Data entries
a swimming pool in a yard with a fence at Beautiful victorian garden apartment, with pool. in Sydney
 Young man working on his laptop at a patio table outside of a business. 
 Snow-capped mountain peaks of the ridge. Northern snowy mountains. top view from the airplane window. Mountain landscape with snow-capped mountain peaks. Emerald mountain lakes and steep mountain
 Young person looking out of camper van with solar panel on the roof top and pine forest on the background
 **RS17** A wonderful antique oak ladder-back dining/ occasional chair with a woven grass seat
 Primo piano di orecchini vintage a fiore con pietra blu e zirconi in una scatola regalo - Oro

TASK: Go through the records and pull out each line that includes the word "Young".

FINAL ANSWER:
 Young man working on his laptop at a patio table outside of a business. 
 Young person looking out of camper van with solar panel on the roof top and pine forest on the background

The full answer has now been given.